It was a never-to-be-forgotten banquet. We were seated on the lower platform with our feet towards the fire, and before Muir and me were placed huge washbowls of blue Hudson Bay ware. Before each of our native attendants was placed a great carved wooden trough, holding about as much as the washbowls. We had learned enough Indian etiquette to know that at each course our respective vessels were to be filled full of food, and we were expected to carry off what we could not devour. It was indeed a "feast of fat things." The first course was what, for the Indian, takes the place of bread among the whites,--dried salmon. It was served, a whole washbowlful for each of us, with a dressing of seal-grease. Muir and I adroitly manoeuvred so as to get our salmon and seal-grease served separately; for our stomachs had not been sufficiently trained to endure that rancid grease. This course finished, what was left was dumped into receptacles in our canoe and guarded from the dogs by young men especially appointed for that purpose. Our washbowls were cleansed and the second course brought on. This consisted of the back fat of the deer, great, long hunks of it, served with a gravy of seal-grease. The third course was little Russian potatoes about the size of walnuts, dished out to us, a washbowlful, with a dressing of seal-grease. The final course was the only berry then in season, the long fleshy apple of the wild rose mellowed with frost, served to us in the usual quant.i.ty with the invariable sauce of seal-grease.
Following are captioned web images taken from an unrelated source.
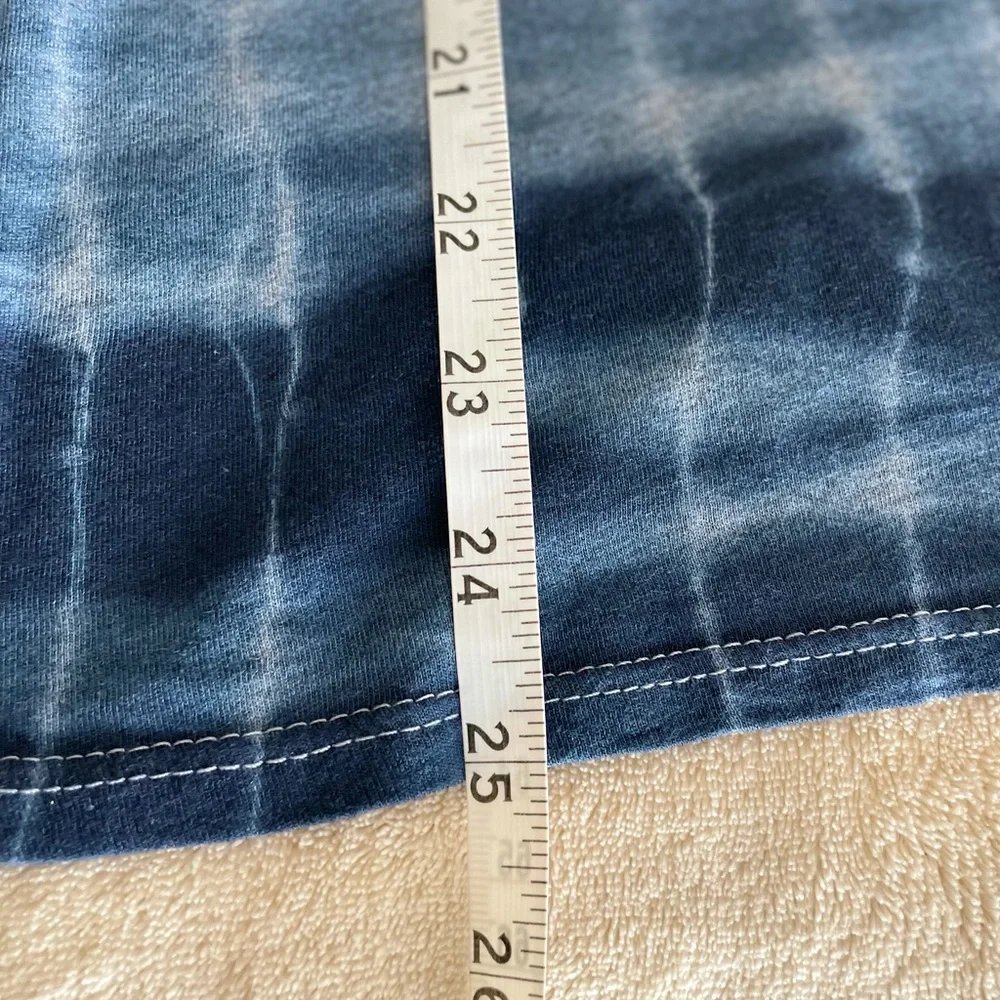 Go Couture Tie Dye Lightweight Cold Shoulder Blouse - Size M - Picture 11 of 12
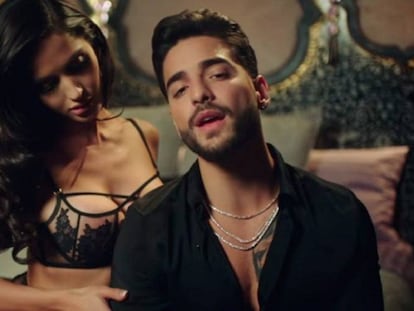 Maluma en el videoclip de 'Felices los 4’.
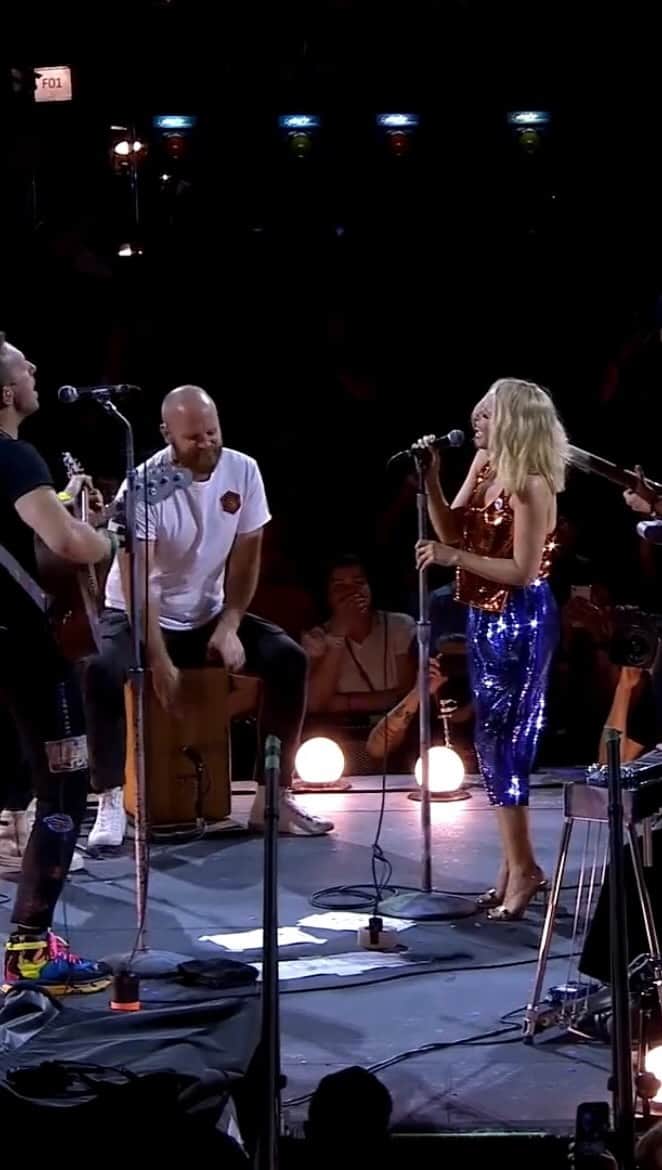 Coldplayのインスタグラム：「Thank you @kylieminogue for letting us be your backing band. We love you ♥️  📹 @resolvefilm」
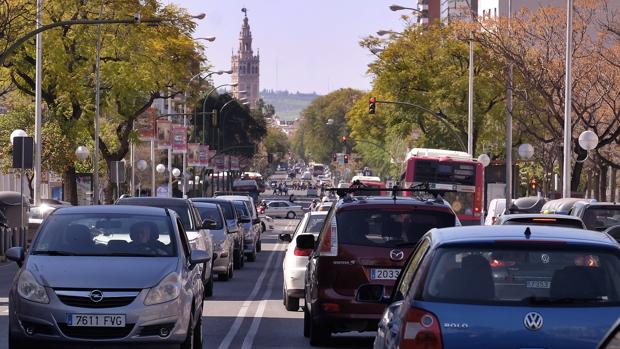 Circulación intensa en la sevillana avenida de Eduardo Dato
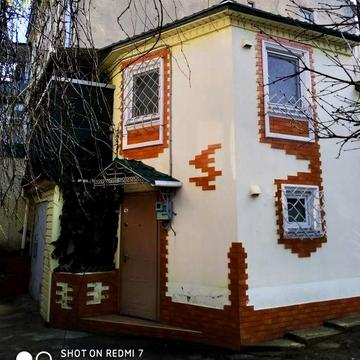 Эксклюзив! Идеальный вариант - гараж с квартирой в центре Одессы!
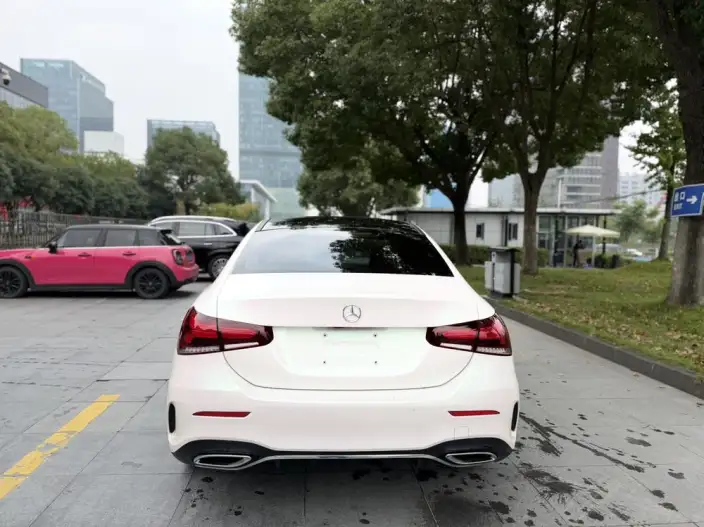 Mercedes-Benz A-class 2022 Model A 200 L Sports sedan Fashion Edition – фото 6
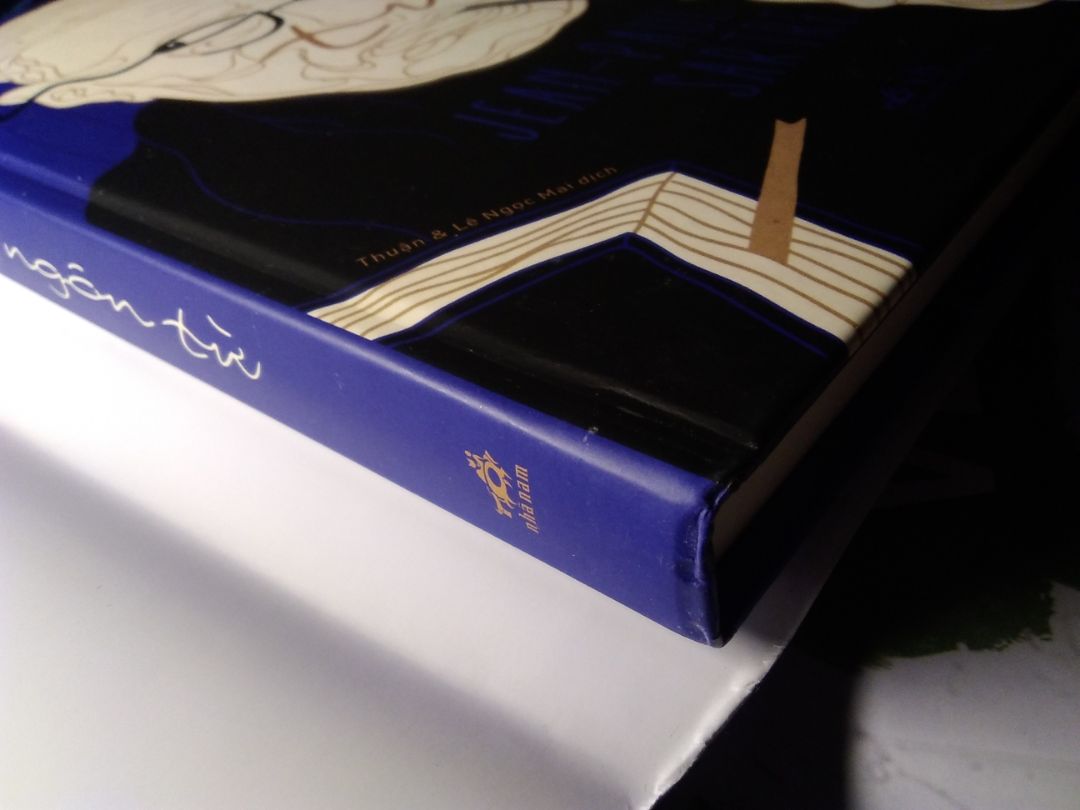 sách có dịch vụ book care nhưng không chịu care book, không có cái đee chống xóc cho sách, phía gáy sách bị cong, bìa sau sách dính keo, bìa trước có nhiều vết xước với bụi bặm. trước khi bán thì shop nên để nó sạch sẽ
giao hàng tạm được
"Mon, mon!" said Muir aside to me, "I'm fashed we'll be floppin' aboot i' the sea, whiles, wi' flippers an' forked tails."

When we had partaken of as much of this feast of fat things as our civilized stomachs would stand, it was suddenly announced that we were about to receive a visit from the great chief of the Chilcats and the Chilcoots, old Chief Shathitch (Hard-to-Kill). In order to properly receive His Majesty, Muir and I and our two chiefs were each given a whole bale of Hudson Bay blankets for a couch. Shathitch made us wait a long time, doubtless to impress us with his dignity as supreme chief.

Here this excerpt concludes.